Read as it stands, that would give the Secretary of State the arbitrary right to reduce to a negligible amount the grant which was to be paid.

The Minister, in introducing the instrument, said that £2,000 per vessel would be the limit of the grant that would be approved. Somewhere else I saw a suggestion that £1,500 to £2,000 would be a reasonable amount. This point was drawn to the attention of Defra, which responded by stating that Defra Ministers had made a commitment to fund the reasonable costs of software. That is fine and is entirely consistent with what the noble Lord said. However, there is no word of that in the statutory instrument. The figure of £2,000, £1,500 or any other figure does not appear there. All that the statutory instrument states is that:

“The amount of the grant … may be such lesser amount as is determined by the Secretary of State”.

It is profoundly unsatisfactory to have a statutory instrument that does not spell out what are the conditions on which the grant is to be allowed. This statutory instrument does not. How easy it would have been for it to be amended so as to specify the figure of £2,000 to which the Minister referred and include it in the criteria governing the payment to be made by the Government.

One of the essential characteristics put forward about this House is that of revising legislation. Revision of legislation is generally understood as referring to primary legislation, but it is surely just as important in relation to secondary legislation such as this. The ability of the House to exercise a revising role in relation to secondary legislation depends on the points made by such committees as the Merits of Statutory Instruments Committee being taken into account, the Minister having an opportunity to make such amendments as are thought appropriate, having regard to the comments from the Merits Committee. That has not been done in the present case. That is a pity. If this House is to be held up as providing the valuable role of revision of legislation, that must surely apply to secondary as well as to primary legislation. Here, it seems not to have done so.

The second point arises from paragraph (10) of the statutory instrument. It states:

“The Secretary of State may revoke the approval of an application, or withhold payment of a grant, or of any part of the grant, if it appears that”—

note, “if it appears that”—

“(a) any condition of payment of the grant, or of any part of it, has been breached or has not been complied with; or

(b) the applicant has committed or may have committed an offence under section 17 of the Fisheries Act 1981”.

The concept of it appearing that the applicant may have committed an offence is such an unusual one as to make one wonder what provision there is for an appeal. The problems about that were drawn to the attention of Defra by the Merits Committee. The department's response was that,

“the power to revoke or to require repayment of anything already paid would be exercisable if there were sufficient evidence of a breach of a condition or of an offence”.

The reply refers to “sufficient evidence”. Where does one see the reference to sufficient evidence in the statutory instrument?
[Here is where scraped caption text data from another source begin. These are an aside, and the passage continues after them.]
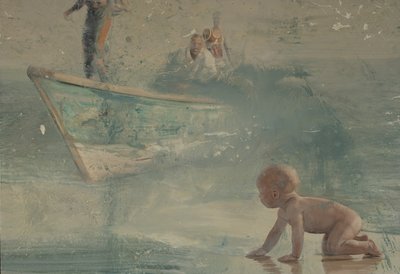 海滩上的孩子，2016（布面油画） 作者 尼古拉·普奇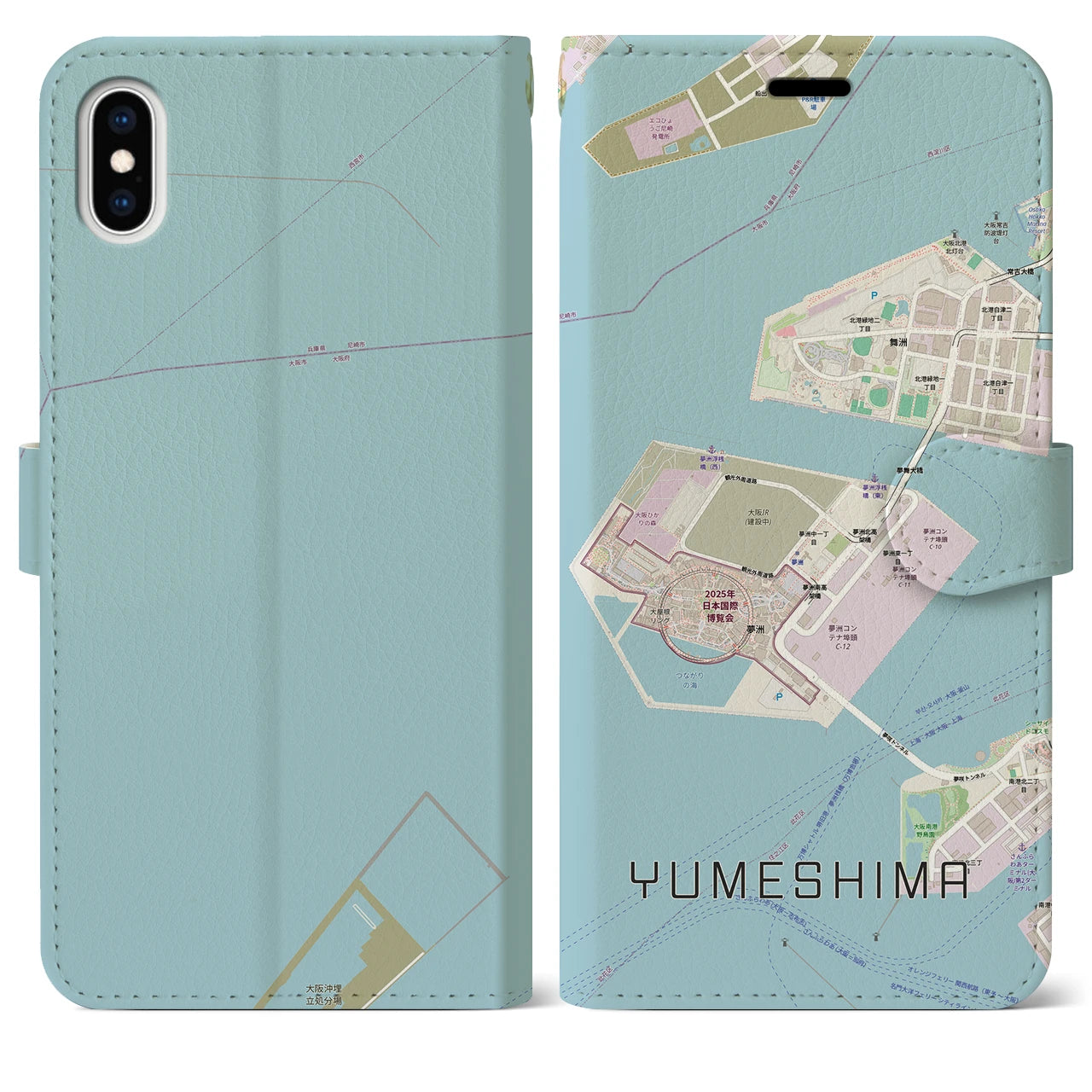 【夢洲(大阪府)】地図柄iPhoneケース(手帳タイプ)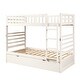 preview thumbnail 8 of 25, Twin Size Solid Pinewood Bunk Beds with Safety Rail, Movable Trundle, Ladder, and Full Length Guardrails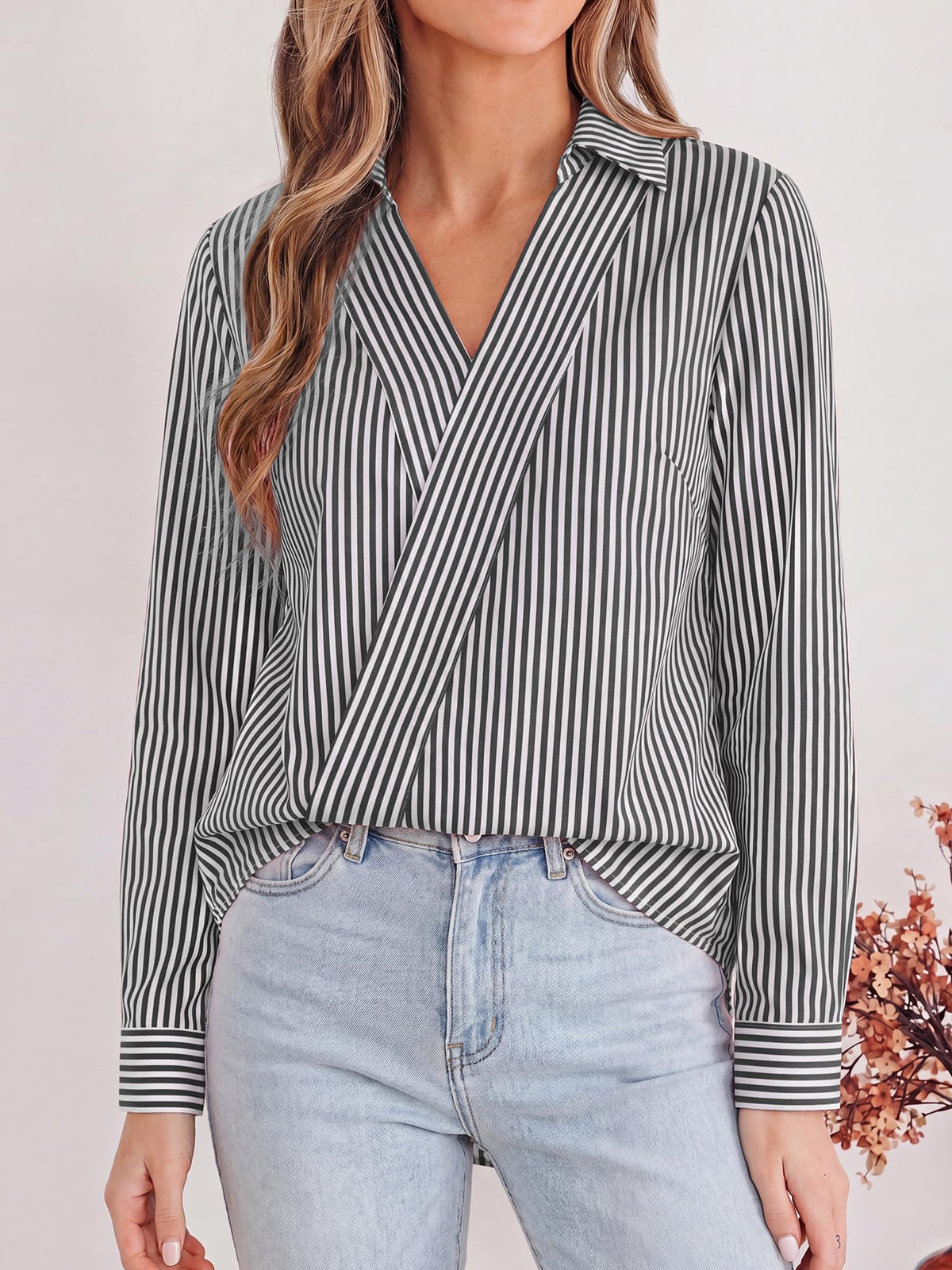FreshPretty Striped Fall Outfits V Neck Dressy Women Tops Cute Clothes,Trendy Womens T Shirts,Long Sleeve Working Collar Business Casual Fashion Clothing For Office Work Women's Blouses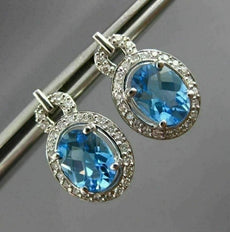 ESTATE 2.96CT DIAMOND & AAA BLUE TOPAZ 14K WHITE GOLD OVAL HANGING STUD EARRINGS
Nowhere. The power to revoke and the power to demand repayment is simply left, apparently, at the discretion of the Secretary of State. That is profoundly unsatisfactory. That, too, would be capable of easy amendment. It is not the Minister's opinion that will be important; it is the objective facts. To hinge the revocation of a right to receive a particular payment on the proposition that it appears to the Minister, to the Secretary of State, that an offence may have been committed cannot be right. That is quite contrary to the basis on which judicial review, for example, proceeds.

Some of your Lordships may—certainly the lawyers present in this Chamber will—remember the great case of Liversidge and Anderson, where Lord Atkin gave a dissenting judgement which has formed the cornerstone of judicial review in modern times. Lord Atkin's point concerned a piece of legislation which allowed internment of individuals within the jurisdiction of this country if there was reasonable ground for suspicion that they were foreigners who might become engaged in nefarious activities. The question was whether the expression “there was reasonable ground” could be interpreted to mean “if the Secretary of State thinks that there was reasonable ground”. Lord Atkin said that that could not be equated with “there was reasonable ground”. Either there was or there was not, which was a matter which could be tested in the courts. There is no provision for appeal against the arbitrary exercise of power by the Minister under paragraph (10). That, too, is a profoundly unsatisfactory element in this statutory instrument.

The purpose of the statutory instrument is entirely unexceptionable. The explanations given by the noble Lord are unexceptionable, but they are not to be found in the statutory instrument. I would not wish to divide the House on the question of whether the statutory instrument should be approved, but I would wish to have an assurance from the noble Lord as regards his explanation in relation to paragraph (6)—the power to reduce the amount that can be claimed and should be paid—and paragraph (10)—the power to revoke a previous decision and, in the extreme case, call for repayment of money already paid—that those powers will not be exercised unless in the first case the amount falls above the minimum amount which the noble Lord mentioned and in the second case unless there is sufficient evidence. Both features are essential if these statutory instruments are not to go through the hoops of litigation, which is highly expensive to the country and thoroughly undesirable as a matter of principle.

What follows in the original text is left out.